◆ TASK STATEMENT: The listing below contains a span that opens with the line containing "小米赴港上市進(jìn)程又" and closes with the line containing "Download Excel in". Return that span exactly.

◆ MATERIAL FOR THIS TASK:
===============

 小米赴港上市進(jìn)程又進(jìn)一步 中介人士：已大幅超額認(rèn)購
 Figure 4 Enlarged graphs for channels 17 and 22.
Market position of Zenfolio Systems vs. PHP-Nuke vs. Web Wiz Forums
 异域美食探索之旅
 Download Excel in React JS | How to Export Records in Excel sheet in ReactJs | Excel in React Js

===============

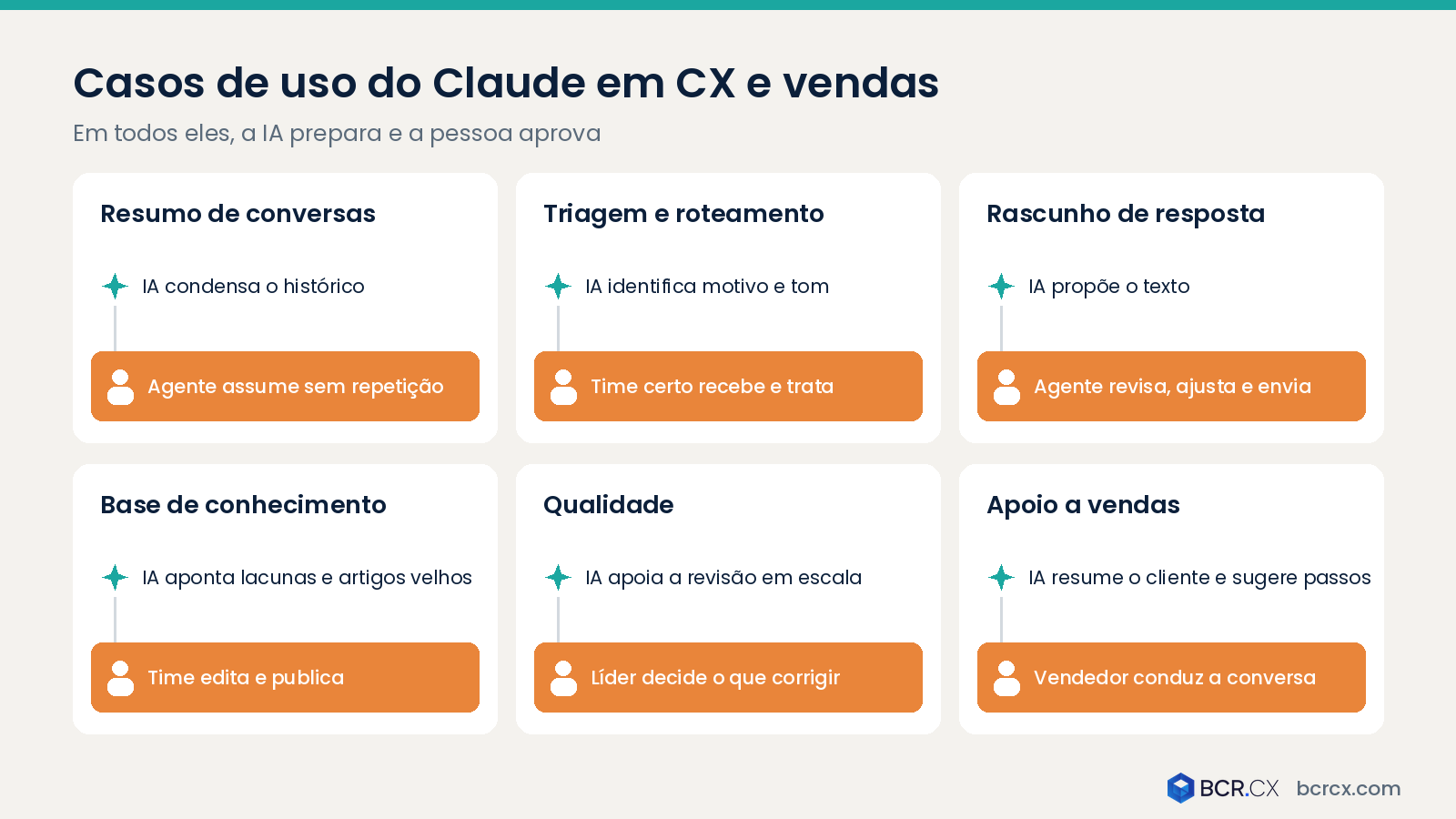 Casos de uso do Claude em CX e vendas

===============

◆ TASK OUTPUT:
 小米赴港上市進(jìn)程又進(jìn)一步 中介人士：已大幅超額認(rèn)購
 Figure 4 Enlarged graphs for channels 17 and 22.
Market position of Zenfolio Systems vs. PHP-Nuke vs. Web Wiz Forums
 异域美食探索之旅
 Download Excel in React JS | How to Export Records in Excel sheet in ReactJs | Excel in React Js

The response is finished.